Bottas needs to convince Mercedes to give him a new deal for next year. Hamilton, meanwhile, is stalling on signing a new one even though an offer is in place. Hamilton was again asked about his contract situation on Wednesday, and maintains he’s in no hurry.

“There isn’t any sticking point. There just hasn’t been any rush,” Hamilton said. “There’s no discussion with anybody else, there’s no consideration for anybody else, it’s just (me) taking my time.”

But Bottas would like Hamilton’s future cleared up.

“For sure I would. First of all, I would like to stay here. That is my goal for the long term. It would be nice if Lewis wants to stay and finds an agreement,” Bottas said at the Mercedes motorhome. “I enjoy working with him, I enjoy the challenge he gives me. I enjoy the fact he’s four-time world champion and at the moment I’m none. It makes me try harder to be better.

“It wouldn’t change my mind that I want to stay here, but I think we work well together,” he added.

Last season was their first together. Bottas was drafted in from Williams as an emergency replacement after Nico Rosberg retired. He won three races but he stood out more as the ideal support driver as Hamilton reclaimed the F1 title.
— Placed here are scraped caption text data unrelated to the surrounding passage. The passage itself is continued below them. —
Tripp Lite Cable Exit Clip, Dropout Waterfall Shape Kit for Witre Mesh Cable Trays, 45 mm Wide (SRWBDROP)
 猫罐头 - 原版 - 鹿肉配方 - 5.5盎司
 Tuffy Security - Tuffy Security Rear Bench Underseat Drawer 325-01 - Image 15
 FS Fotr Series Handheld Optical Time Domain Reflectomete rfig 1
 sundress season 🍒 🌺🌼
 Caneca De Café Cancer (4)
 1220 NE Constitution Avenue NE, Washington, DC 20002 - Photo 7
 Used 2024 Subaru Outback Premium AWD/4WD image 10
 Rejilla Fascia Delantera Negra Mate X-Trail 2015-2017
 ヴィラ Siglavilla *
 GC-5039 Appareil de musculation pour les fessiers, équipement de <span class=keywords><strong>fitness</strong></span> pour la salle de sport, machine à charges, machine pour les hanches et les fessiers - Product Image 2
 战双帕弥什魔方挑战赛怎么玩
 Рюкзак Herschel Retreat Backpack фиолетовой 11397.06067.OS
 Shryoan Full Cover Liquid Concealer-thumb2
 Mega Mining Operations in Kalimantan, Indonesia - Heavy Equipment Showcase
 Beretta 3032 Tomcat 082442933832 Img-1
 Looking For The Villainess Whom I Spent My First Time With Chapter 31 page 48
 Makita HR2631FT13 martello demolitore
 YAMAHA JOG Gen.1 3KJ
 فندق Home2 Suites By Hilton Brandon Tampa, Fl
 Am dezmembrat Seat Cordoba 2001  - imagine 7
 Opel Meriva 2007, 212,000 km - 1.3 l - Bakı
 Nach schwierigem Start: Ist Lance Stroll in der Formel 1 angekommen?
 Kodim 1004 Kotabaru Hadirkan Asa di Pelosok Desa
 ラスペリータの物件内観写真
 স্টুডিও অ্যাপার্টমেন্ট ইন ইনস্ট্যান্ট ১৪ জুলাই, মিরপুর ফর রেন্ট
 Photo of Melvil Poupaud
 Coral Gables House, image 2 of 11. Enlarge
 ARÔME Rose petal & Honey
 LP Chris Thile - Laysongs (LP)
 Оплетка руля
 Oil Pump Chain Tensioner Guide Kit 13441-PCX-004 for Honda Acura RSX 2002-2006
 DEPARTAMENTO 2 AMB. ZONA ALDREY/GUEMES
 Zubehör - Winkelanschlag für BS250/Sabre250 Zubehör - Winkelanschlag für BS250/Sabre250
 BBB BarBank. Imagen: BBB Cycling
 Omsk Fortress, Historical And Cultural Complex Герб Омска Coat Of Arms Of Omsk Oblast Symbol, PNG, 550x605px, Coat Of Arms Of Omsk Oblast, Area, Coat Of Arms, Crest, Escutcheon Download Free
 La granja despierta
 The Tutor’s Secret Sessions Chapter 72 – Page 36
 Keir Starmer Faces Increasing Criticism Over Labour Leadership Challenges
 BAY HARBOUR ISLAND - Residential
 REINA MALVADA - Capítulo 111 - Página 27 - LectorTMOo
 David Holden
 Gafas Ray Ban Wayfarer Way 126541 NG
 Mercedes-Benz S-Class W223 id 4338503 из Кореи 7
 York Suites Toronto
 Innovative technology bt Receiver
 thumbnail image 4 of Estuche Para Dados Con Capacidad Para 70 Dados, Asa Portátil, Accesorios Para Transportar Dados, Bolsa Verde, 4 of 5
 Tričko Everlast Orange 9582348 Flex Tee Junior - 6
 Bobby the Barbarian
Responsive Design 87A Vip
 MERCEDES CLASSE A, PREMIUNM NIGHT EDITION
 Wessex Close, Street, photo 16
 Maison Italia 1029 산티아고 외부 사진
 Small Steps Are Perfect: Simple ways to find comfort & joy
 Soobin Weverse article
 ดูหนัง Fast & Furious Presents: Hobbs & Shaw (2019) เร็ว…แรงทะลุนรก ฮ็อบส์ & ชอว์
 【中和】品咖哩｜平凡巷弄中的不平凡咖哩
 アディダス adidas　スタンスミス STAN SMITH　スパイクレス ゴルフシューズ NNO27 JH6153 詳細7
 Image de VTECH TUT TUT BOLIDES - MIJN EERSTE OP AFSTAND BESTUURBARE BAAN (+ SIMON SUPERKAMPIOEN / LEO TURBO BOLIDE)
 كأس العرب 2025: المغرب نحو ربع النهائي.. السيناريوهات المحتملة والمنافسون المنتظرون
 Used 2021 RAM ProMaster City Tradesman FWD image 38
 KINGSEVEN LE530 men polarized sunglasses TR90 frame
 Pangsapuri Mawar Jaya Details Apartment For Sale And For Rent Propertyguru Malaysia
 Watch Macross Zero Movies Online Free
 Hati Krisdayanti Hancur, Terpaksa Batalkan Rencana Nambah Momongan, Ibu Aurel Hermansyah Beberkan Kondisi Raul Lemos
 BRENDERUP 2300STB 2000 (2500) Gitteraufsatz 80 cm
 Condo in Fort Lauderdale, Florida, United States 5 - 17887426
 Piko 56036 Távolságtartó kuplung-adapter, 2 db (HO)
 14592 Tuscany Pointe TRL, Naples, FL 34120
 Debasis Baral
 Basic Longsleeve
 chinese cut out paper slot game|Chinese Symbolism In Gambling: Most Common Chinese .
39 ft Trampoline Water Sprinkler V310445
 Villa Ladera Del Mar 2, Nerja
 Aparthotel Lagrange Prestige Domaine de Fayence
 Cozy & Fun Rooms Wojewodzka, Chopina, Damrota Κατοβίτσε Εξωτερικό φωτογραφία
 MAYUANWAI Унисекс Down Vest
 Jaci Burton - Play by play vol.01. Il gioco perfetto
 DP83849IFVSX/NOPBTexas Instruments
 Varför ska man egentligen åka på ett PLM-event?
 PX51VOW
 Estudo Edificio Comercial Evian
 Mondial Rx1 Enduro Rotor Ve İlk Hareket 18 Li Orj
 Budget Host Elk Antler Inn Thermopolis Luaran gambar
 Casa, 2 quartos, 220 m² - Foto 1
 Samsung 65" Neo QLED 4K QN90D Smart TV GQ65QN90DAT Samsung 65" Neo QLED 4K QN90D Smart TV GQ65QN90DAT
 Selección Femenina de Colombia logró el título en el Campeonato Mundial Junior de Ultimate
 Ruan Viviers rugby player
Bottas understands Mercedes expects improvement.

“We had a chat before the season and naturally we expect performance gains compared to last year, being closer to Lewis,” Bottas said. “That’s what you need to do in the second season.”

However, Bottas says he has not been set a specific target in terms of points or where he finishes overall.

“There’s no magic number,” he said. “There’s no clause or anything, so it’s how the team feels I’m performing.”

Bottas finished third overall last year behind Ferrari driver Sebastian Vettel and Hamilton.

He is in the same overall position – 20 points behind Vettel and 37 adrift of Hamilton – heading into this weekend’s Monaco Grand Prix.

The Finnish driver would be closer if not for a dramatic finish at the Azerbaijan GP last month. With victory seemingly guaranteed, he sustained a tire puncture and ended up with no points. He bounced back with a fine drive for second place in Spain two weeks ago.

“I feel like I’ve met my performance targets. Pace-wise I’m on the level I need, but result-wise I’m not happy,” Bottas said. “It’s been strange. But I know if I keep improving very good things will come.”

He has faced a considerable amount of criticism with observers questioning whether he can compete at the top level. Yet driving under the constant pressure of having a point to prove has also made him more resilient.

“For sure it makes you tougher and better,” he said. “From each difficult weekend, I feel I’ve been able to turn it (around).”